Pero no hay que engañarse: hasta las malas yerbas necesitan un terreno propicio para desarrollarse. Ya lo advertía el poeta Jaime Gil de Biedma (Carta a España. 1965): De la España que Franco deje habrán de partir quienes vengan, cuando él acabe, no de ninguna anterior.

El general ensalzado hasta límites grotescos ha sido el ejemplo (hasta ahora) más acabado de la incapacidad de una clase dirigente que en ningún momento de la historia de España ha sabido asumir su responsabilidad, entregando la gobernabilidad del país a un estamento militar que empezó a tomarle gusto al poder y no perdió la ocasión de liquidar constituciones, realizar pronunciamientos, protagonizar golpes de estado o desencadenar guerras civiles. Desde que Javier de Burgos, ministro de Hacienda con Isabel II, pusiera sobre aviso al personal con su particular arenga («¡Hay mucha gloria que conquistar; mucho dinero que ganar!») la pauta de comportamiento ha sido «el negocio», ahora actualizado con «el pelotazo». Este mensaje de que el negocio es lo que importa fue renovado por el ministro Carlos Solchaga (PSOE) cuando aseguró que España era el país de Europa en el que se podía ganar más dinero en menos tiempo.
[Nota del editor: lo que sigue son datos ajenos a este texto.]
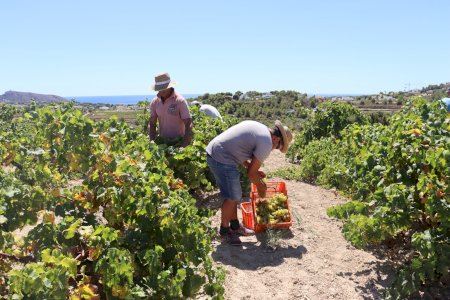 ASAJA Alicante no firma por primera vez el convenio provincial agropecuario por poner en riesgo la supervivencia del campo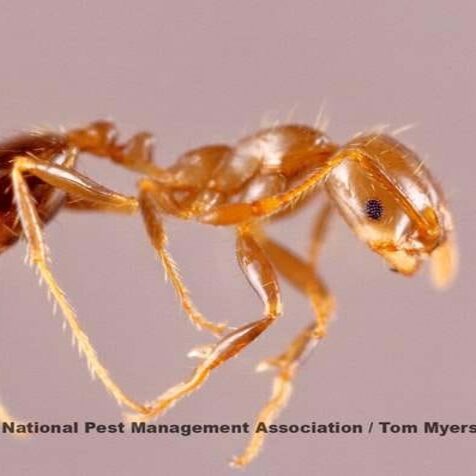 Red imported fire ant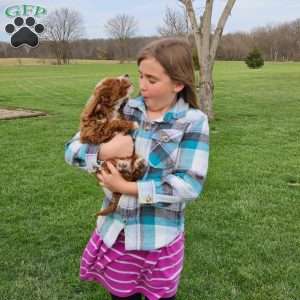 Socks F1BB, Mini Goldendoodle Puppy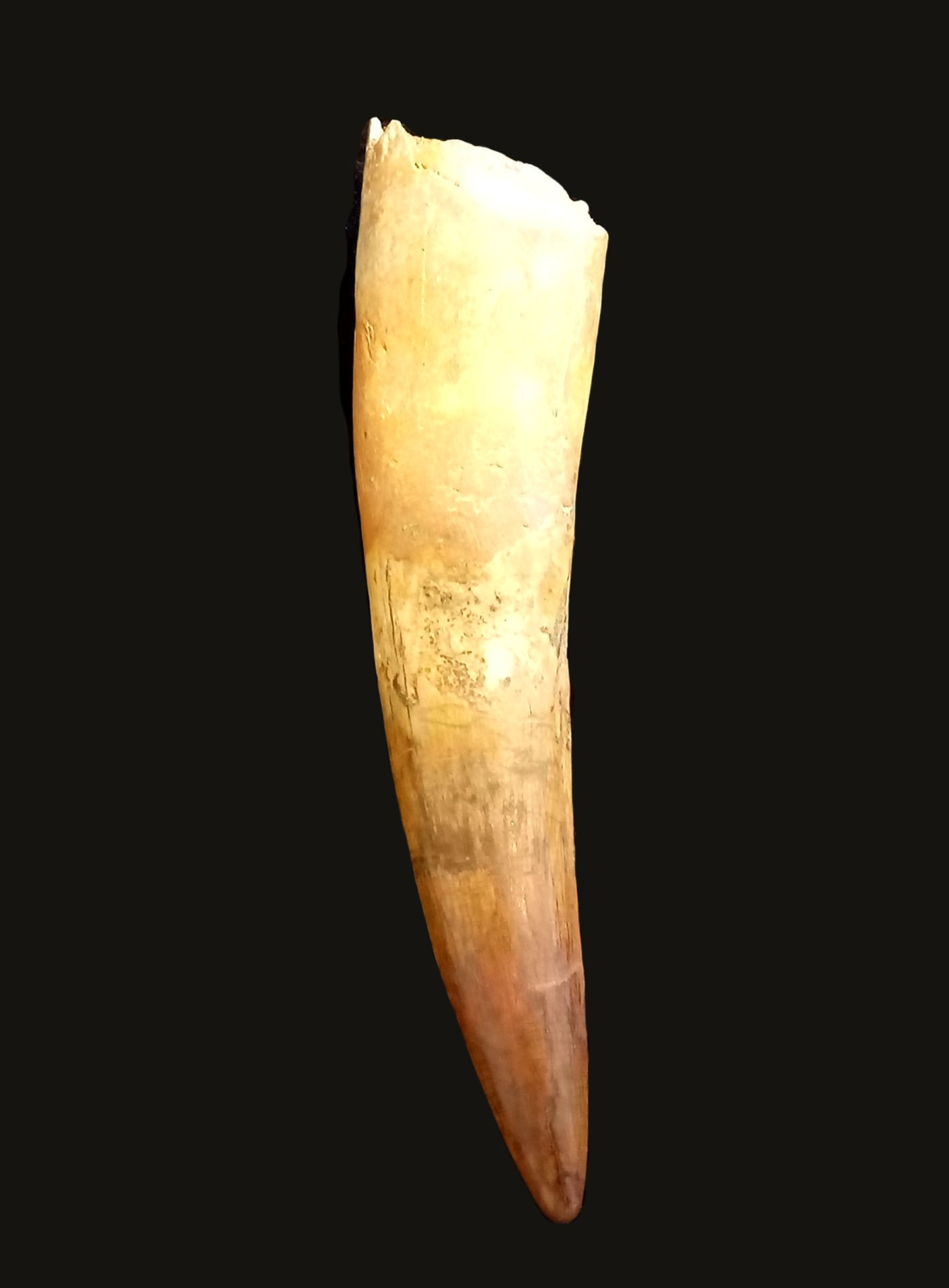 Spinosaurus Tooth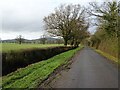 Country road near Birtsmorton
Se han superado ya dos siglos de la primera ilusión democrática que vio la luz con las Cortes de Cádiz, en 1812, y todos los proyectos de renovación y libertad se contabilizan por fracasos: la Revolución de 1868 (La Gloriosa) duró seis años; la I República (1873) apenas fue un suspiro y la II República terminó en una guerra civil cuyas huellas todavía no se han borrado del todo. A lo largo del tiempo, la corrupción ha sido un inseparable compañero de viaje, logrando nombre propio con el caso «Estraperlo»: el juego de ruleta autorizado por el gobierno radical-cedista, a cambio de mordidas, en 1934, y que terminó por aplicarse al comercio ilegal de la época.

Es el turno ahora de la llamada Transición democrática, el proceso abierto por el difícil acuerdo alcanzado por las fuerzas políticas que a la muerte del dictador se encontraron con la tesitura de consenso o enfrentamiento. No son pocos los datos que apuntan peligro de hundimiento. La razón no está en la falta de pericia de los gobernantes; es más bien la tolerancia y, en muchos casos, complicidad con la corrupción, que ha llegado a alcanzar carácter sistémico.

Numerosas son las voces que se han alzado contra el «régimen del 78» y la necesidad de su demolición, por estar cuarteados todos sus soportes, afectados en grado sumo por la corrupción. Pero dejando a un lado los artículos superados por el paso del tiempo o la pertenencia a la UE, poco o nada podrá mejorarse en derechos, libertades o autonomía regional (salvo la desintegración del Estado). España se ha dotado de más constituciones que ningún otro país democrático y tan solo la actual ha tenido un tiempo de vigencia apreciable. Aprobar leyes es bastante más fácil que cumplirlas.

El problema no es de Constitución si no de Educación. Mientras no se lleve a cabo una revolución educativa, que prime los valores éticos y que destierre la aceptación de comportamientos corruptos y perjudiciales para la res publica , la sociedad estará mal armada para afrontar los desafíos tanto internos (desigualdad social, ingobernabilidad o separatismo) como externos (avalancha de emigrantes o nueva crisis económica).